▶ [INSTRUCTIONS FOR THE TASK]: Would you write out the lines below exactly, from the one containing "想不明白，为什么很多人不接受火葬，偏要土葬？" to the very last, but without the pictures?

▶ [RECORDS PROVIDED]:
• • • • • • •
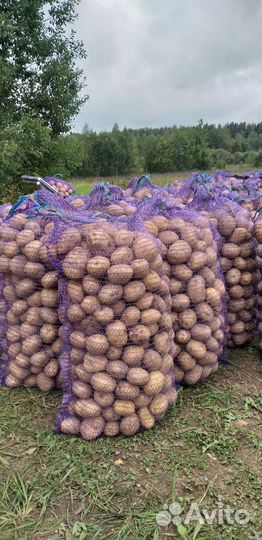 Картофель розница и опт,картофель бэби.Деревенский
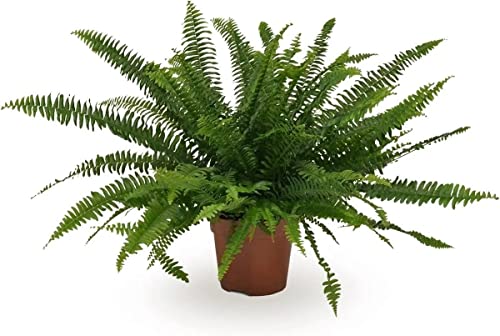 Helecho Nephrolepis Exaltata Planta Purificadora del Aire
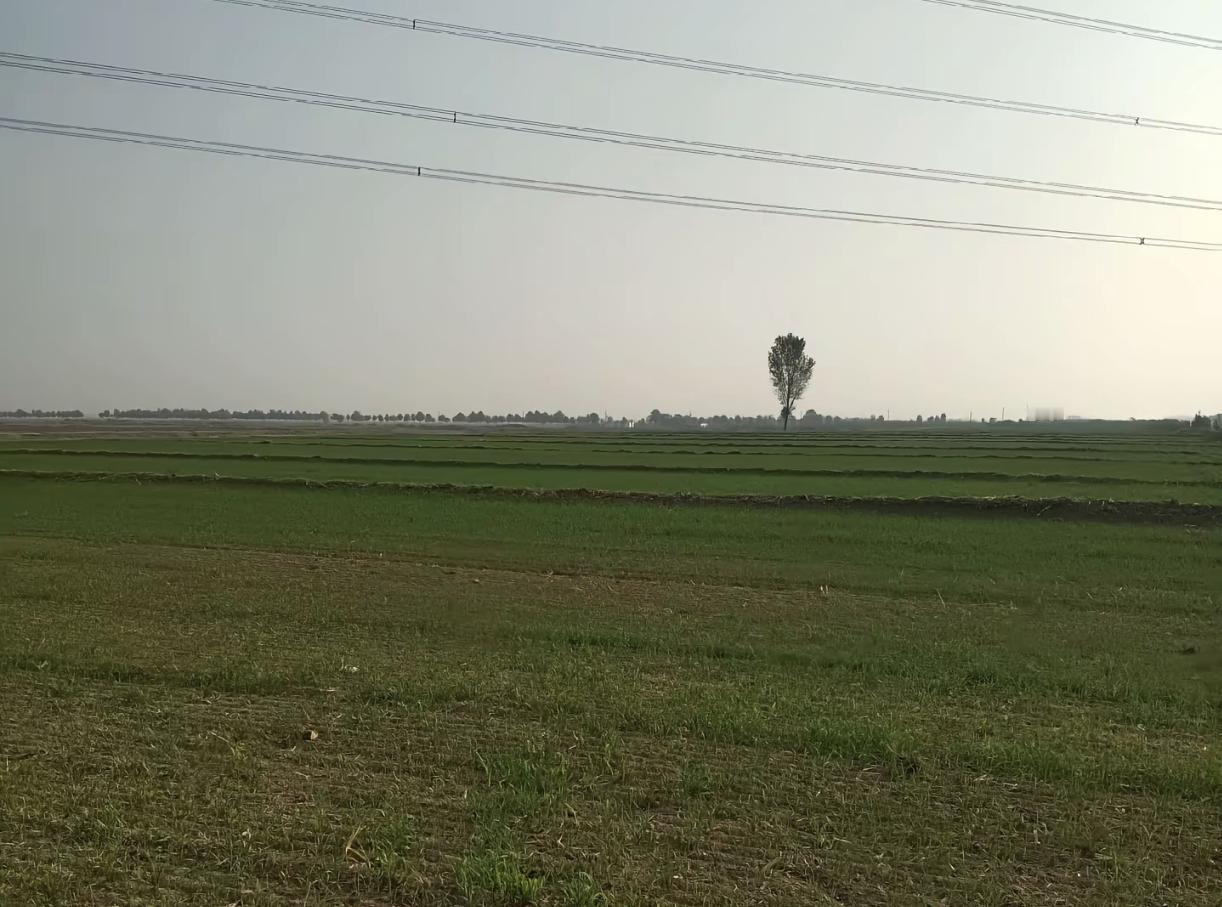 想不明白，为什么很多人不接受火葬，偏要土葬？
他们想过吗？那些患有重大疾病甚至有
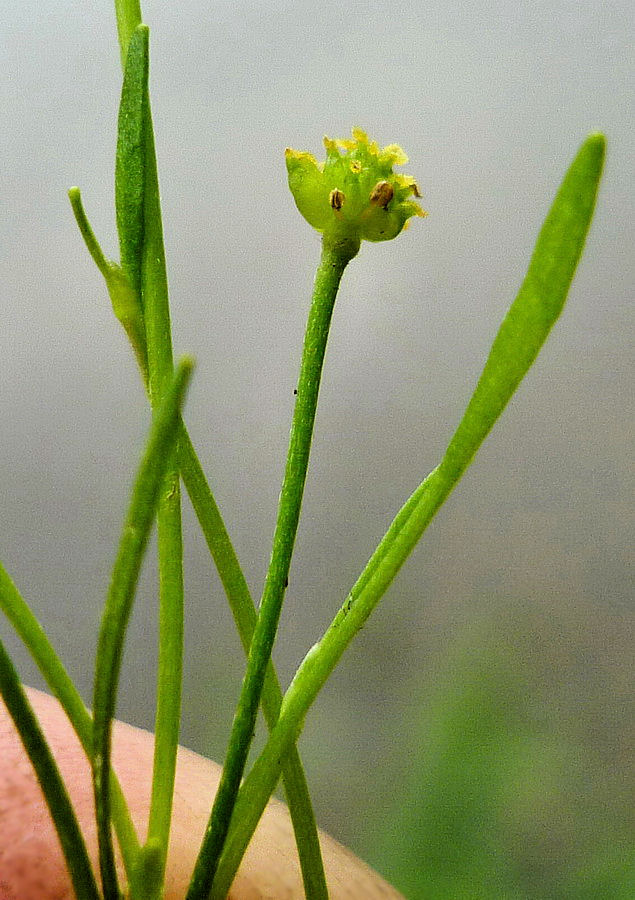 Изображение особи Ranunculus reptans.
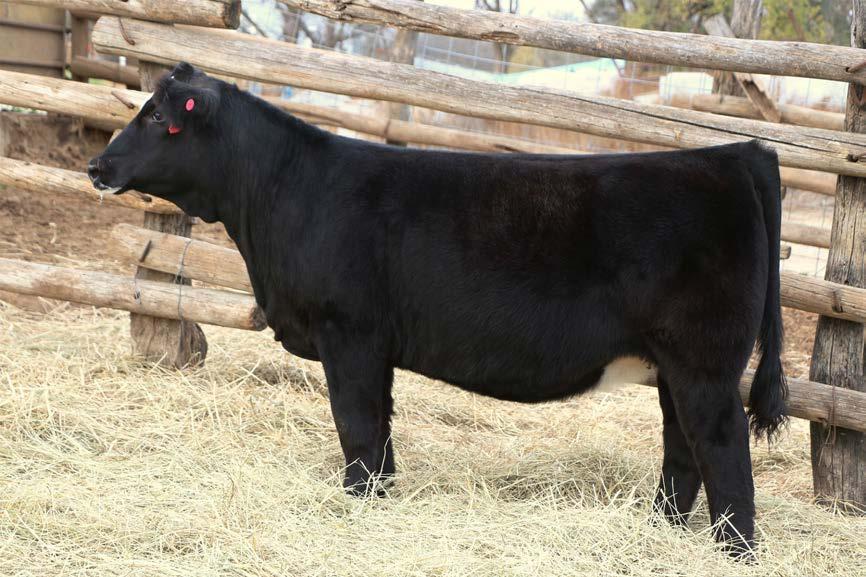 x Antoinnette Multi group sire of Lots 21,22,23,28 and 29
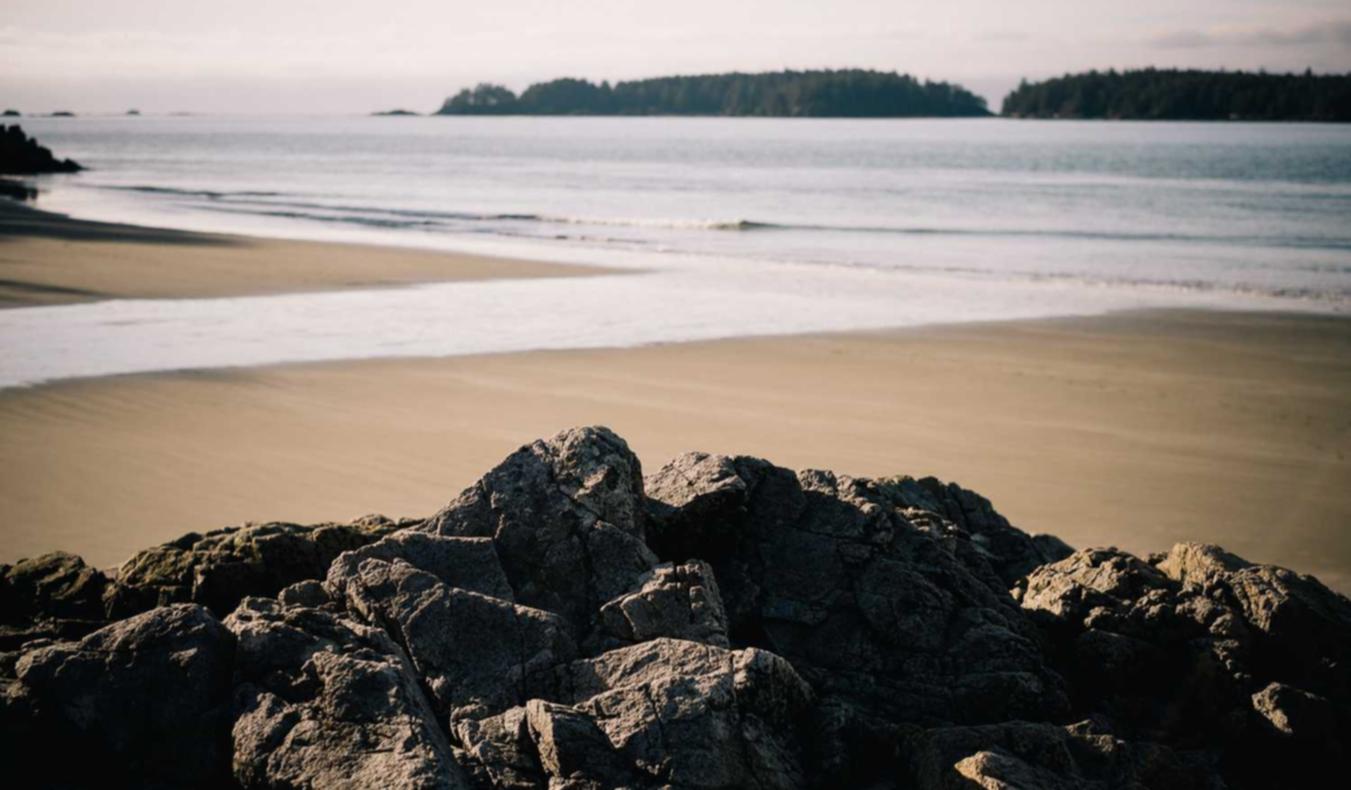 XXE漏洞对网络安全的深远影响：如何提升风险识别能力？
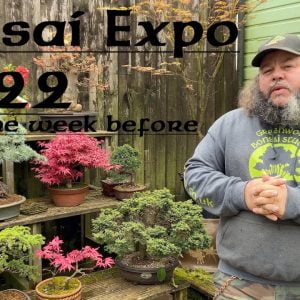 Getting Ready for Bonsai EXPO 2022 - Greenwood Bonsai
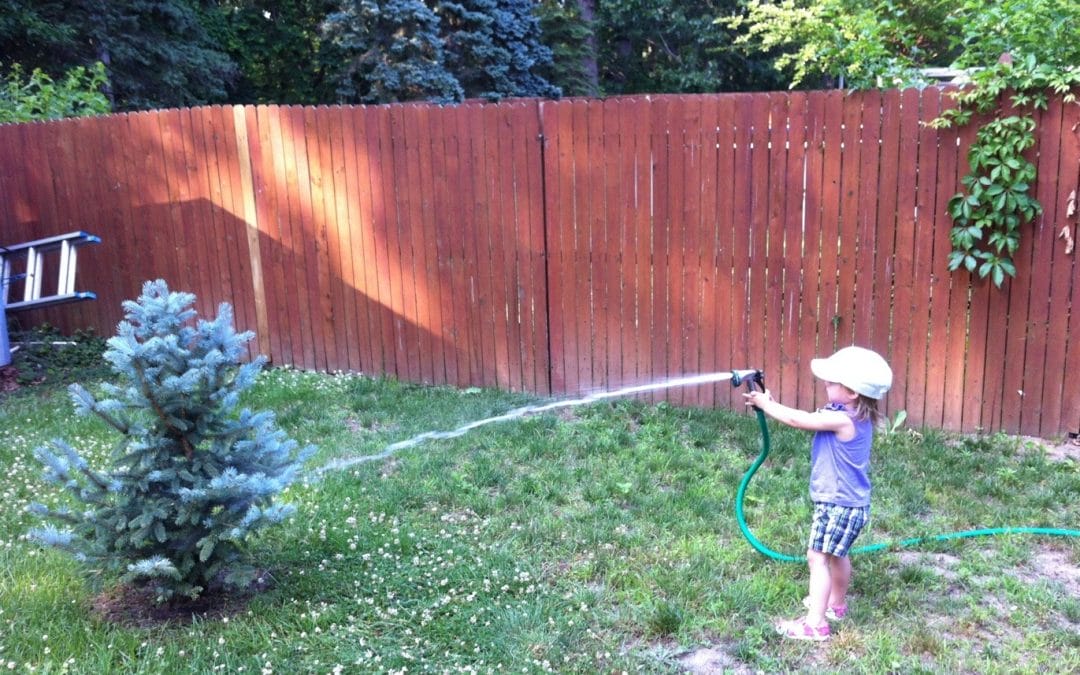 Watering Ernie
• • • • • • •
▶ [EXERCISE SOLUTION]:
 想不明白，为什么很多人不接受火葬，偏要土葬？
他们想过吗？那些患有重大疾病甚至有
 Изображение особи Ranunculus reptans.
 x Antoinnette Multi group sire of Lots 21,22,23,28 and 29
 XXE漏洞对网络安全的深远影响：如何提升风险识别能力？
 Getting Ready for Bonsai EXPO 2022 - Greenwood Bonsai
 Watering Ernie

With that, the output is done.